▶ **Instructions for the task**
From the first line to the last, print the records exactly, leaving out the pictures.

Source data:

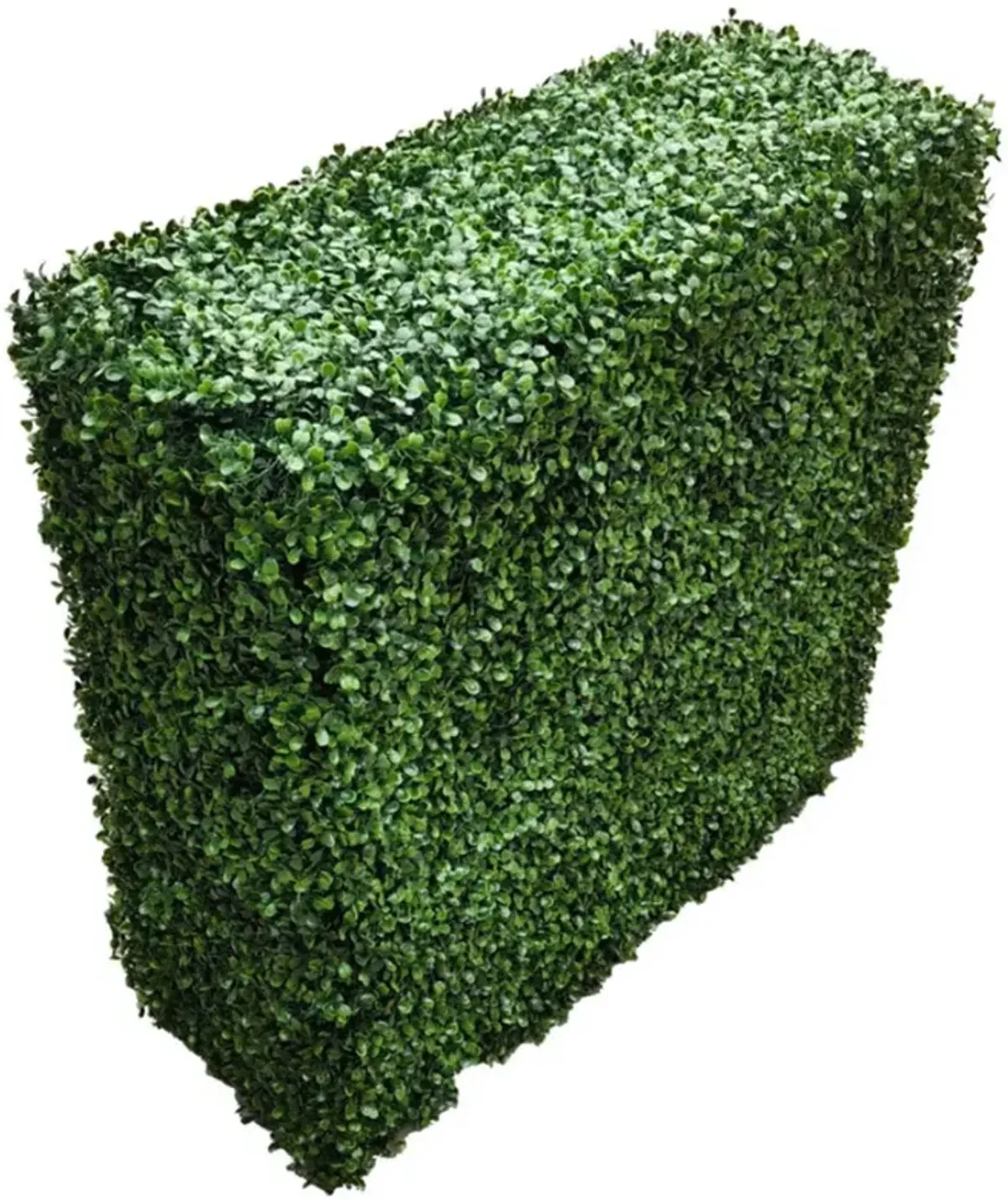 Premium Two Tone Green Artificial Boxwood Hedge 40"L x 40"H Commercial Grade UV Resistant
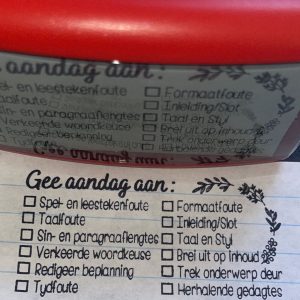 75mmx38mm self inking stamp - Checklist (ONLY SHORT WORDING)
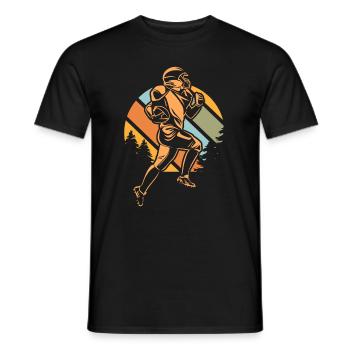 Retro Vintage American Football Sport - Männer T-Shirt - Schwarz - Vorne - AI Model Male 178 light (178cm)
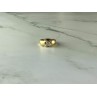 925 Sterling Silver Gold Plated Ring Size 5.5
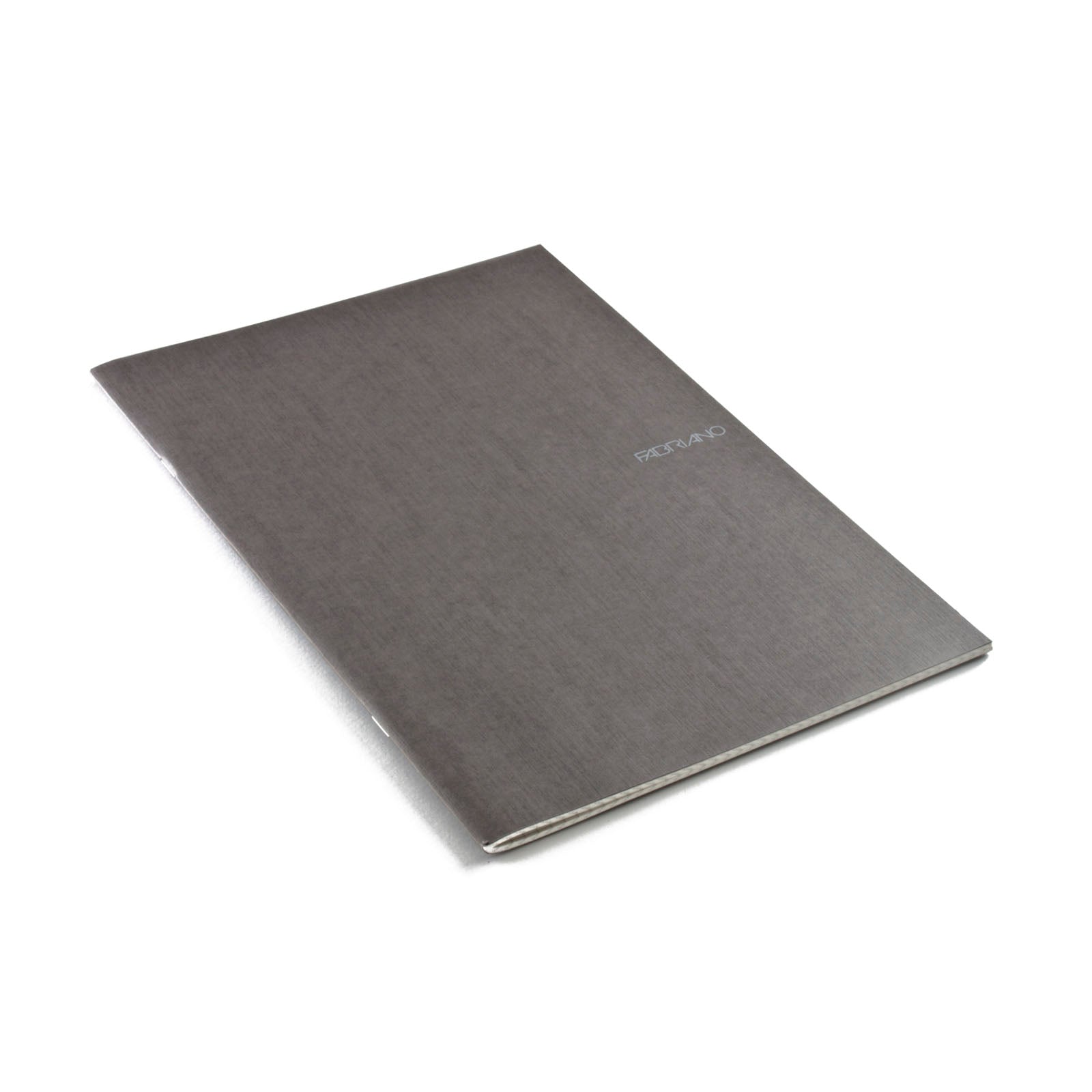 Fabriano EcoQua Notebook Large Staple-Bound Lined 38 Sheets Stone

▶ **Answer for the task**
 Premium Two Tone Green Artificial Boxwood Hedge 40"L x 40"H Commercial Grade UV Resistant
 75mmx38mm self inking stamp - Checklist (ONLY SHORT WORDING)
 Retro Vintage American Football Sport - Männer T-Shirt - Schwarz - Vorne - AI Model Male 178 light (178cm)
 925 Sterling Silver Gold Plated Ring Size 5.5
 Fabriano EcoQua Notebook Large Staple-Bound Lined 38 Sheets Stone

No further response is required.